» DATA EXTRACT
━━━━━━━━━━━━━━━━━━━━
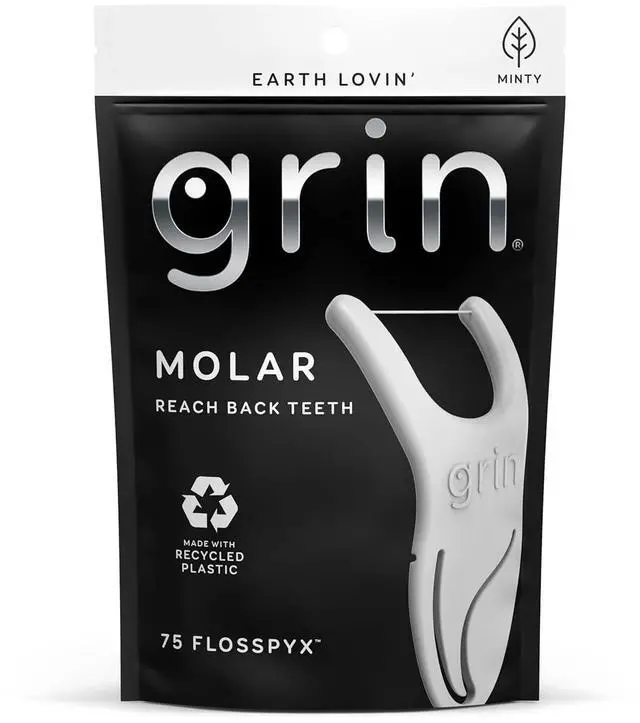Main image of GRIN Molar Flosspyx, 75 Count, Minty Flavor, Recycled Plastic Floss Picks, with Safe Soft Fold-Back Tooth Pick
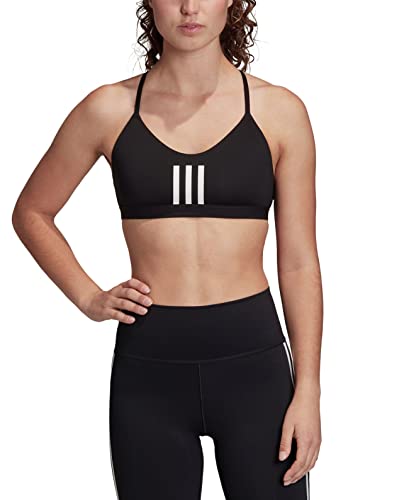 adidas Women's All Me 3-Stripes Mesh AEROREADY Training Pilates Yoga Light Support Workout Bra Black/White Medium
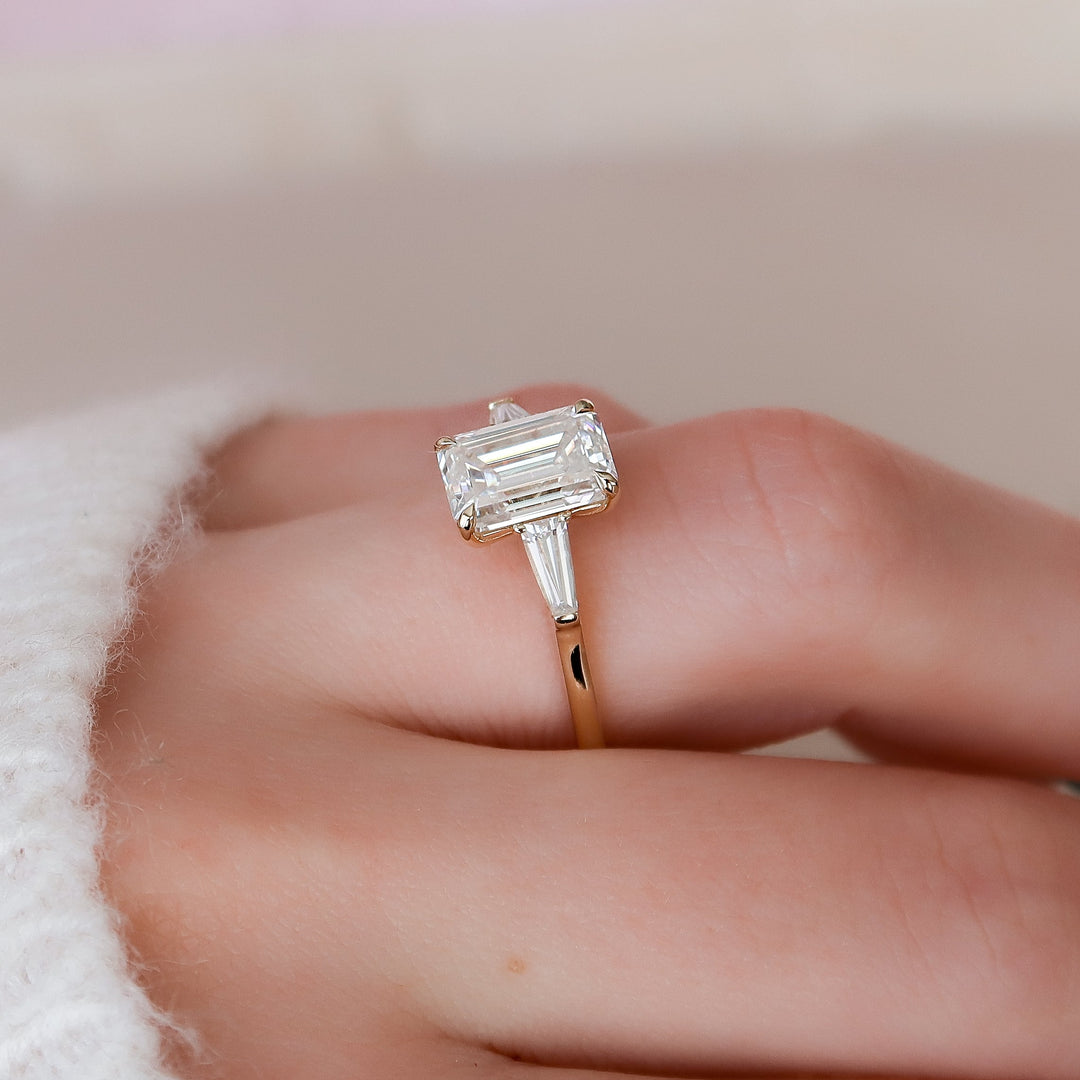The Leona Emerald Lab Diamond Moissanite Engagement Ring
━━━━━━━━━━━━━━━━━━━━
» WHAT IS EXPECTED
Everything in the listing above except the pictures should be duplicated exactly.

» ANSWER SPACE
Main image of GRIN Molar Flosspyx, 75 Count, Minty Flavor, Recycled Plastic Floss Picks, with Safe Soft Fold-Back Tooth Pick
 adidas Women's All Me 3-Stripes Mesh AEROREADY Training Pilates Yoga Light Support Workout Bra Black/White Medium
The Leona Emerald Lab Diamond Moissanite Engagement Ring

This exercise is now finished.